Sabrina Mittermeier habe ihre Meinung pointiert geäussert, räumt die verantwortliche Redaktion ein. Sie habe jedoch keine Person oder Personengruppe als faschistisch bezeichnet. Sie sage selbst, dass Vergleiche zu Nazideutschland stets heikel seien. Trotzdem komme sie zum Schluss, dass es – wie sie betone – aus ihrer Sicht doch Parallelen gebe. Sie meine damit die Mechanismen des Faschismus. Die Moderatorin hake beim von ihrer Interviewpartnerin verwendeten Wort Faschismus durchaus nach. Mittermeier begründe ihre Wortwahl damit, dass durch solche Gesetze und Verbote die Meinungsäusserungsfreiheit, Persönlichkeitsrechte sowie die Bildungs- und Lernfreiheit eingeschränkt würden. Zudem gebe es Hass- und Hetzreden.
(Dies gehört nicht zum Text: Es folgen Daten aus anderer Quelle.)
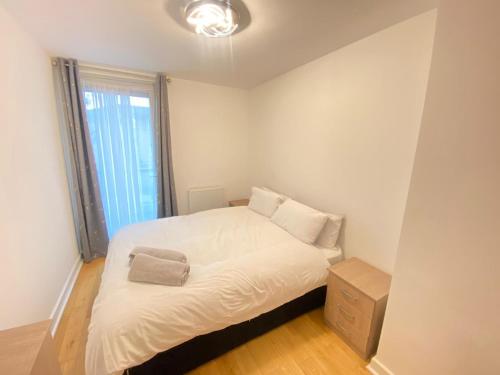 Postel nebo postele na pokoji v ubytování London East Side Duplex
Für die Redaktion gehört es zu ihrem Auftrag, Denkanstösse zur Meinungsbildung anzubieten. Das schliesse auch prononcierte Einschätzungen mit ein, wenn sie mit Argumenten gestützt würden. Im Lauf der Zeit kämen auch Stimmen zu Wort, die andere Haltungen und Sichtweisen vertreten würden. Damit verweist die Redaktion darauf, dass das Vielfaltsgebot durch die Gesamtheit der Sendungen und Beiträge erfüllt werden muss.

Faschismus-Vergleich irritiert

Gespräche mit Externen würden geführt, um andere Meinungen zu hören. Darin sind sich die Ombudsleute mit der Redaktion einig. Irritiert zeigen sie sich jedoch darüber, dass die Historikerin die neuen Gesetze in den USA als faschistisch bezeichnet. Das sei aus historischer Sicht äusserst problematisch.
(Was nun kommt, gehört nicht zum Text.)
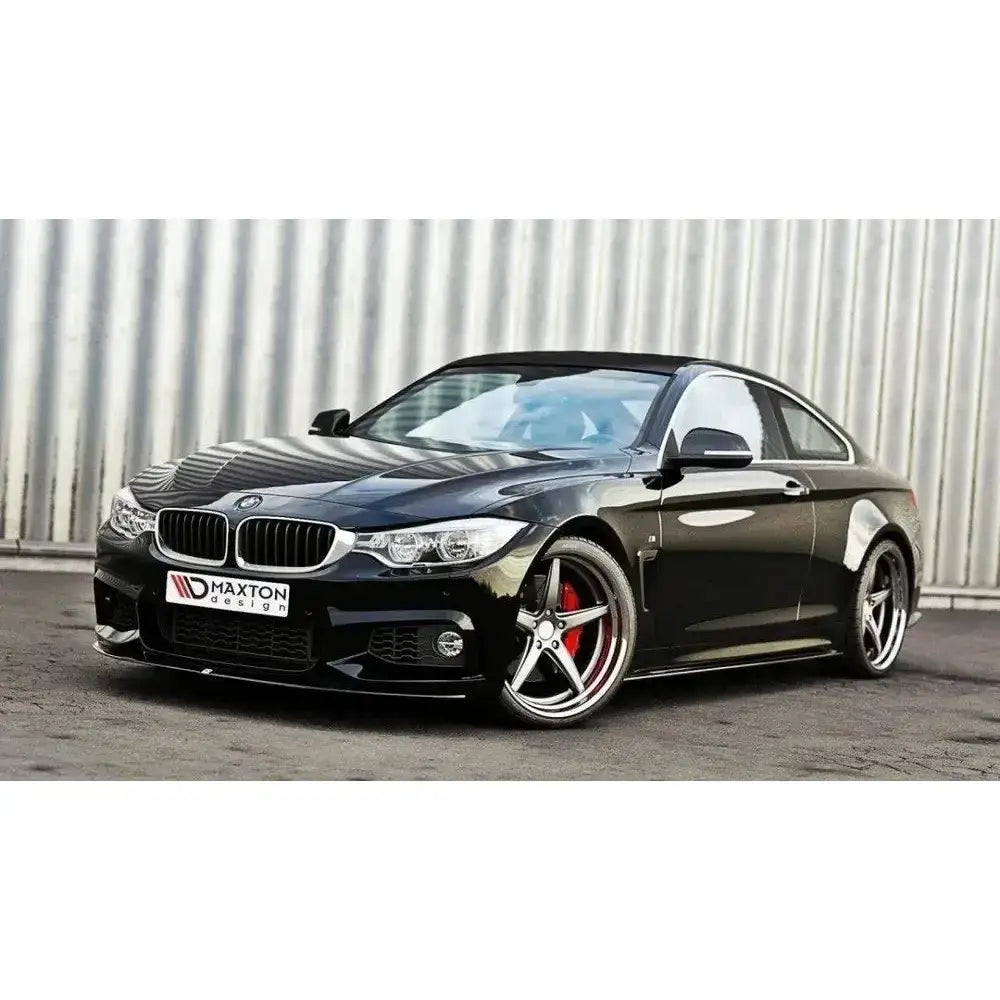 Front splitter på BMW 4 F32 M-Pack V.2, sort coupé med aluminiumsfelger og røde bremsekalipere.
Der Ursprung des Faschismus liege in Italien, so die Ombudsleute. Merkmale des Faschismus seien ein autoritäres, Demokratie ablehnendes und auf eine Führerfigur gerichtetes Regierungssystem. Im deutschen Nationalsozialismus seien dann völkischer Rassismus und Antisemitismus hinzugekommen, welcher zur systematischen Ausrottung ganzer Bevölkerungsteile geführt habe.
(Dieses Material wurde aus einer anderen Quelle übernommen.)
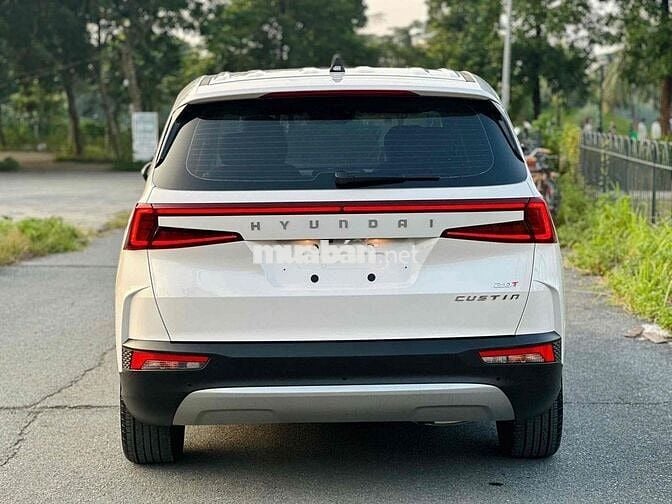 Hyundai Custin cao cấp 2024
In den USA herrsche aber immer noch Pluralismus, Meinungs- und Pressefreiheit. Andersdenkende seien nicht systematisch an Leib und Leben bedroht. Die Entwicklungen in den USA mit Faschismus zu vergleichen, sei deshalb äusserst problematisch. Es genüge zur Relativierung dieser Aussage nicht, wenn die Interviewerin bei ihrem Gast nachfrage, ob der Vorwurf des Faschismus nicht «ein starker Begriff» sei und danach die Begründung unwidersprochen stehen lasse.

Fehlende Angaben

Vor allem aber werde Sabrina Mittermeier im Beitrag nur als Historikerin mit Fachgebiet Geschichte Nordamerikas an der Universität Kassel vorgestellt. Wäre ihr Forschungsschwerpunkt – Geschichte der Sexualität und speziell queere Geschichte und queer studies – erwähnt worden, hätte das Publikum das Interview und seine Stossrichtung einordnen können. Ohne diese Erklärung verstösst der Beitrag nach Ansicht der Ombudsleute jedoch gegen das Sachgerechtigkeitsgebot.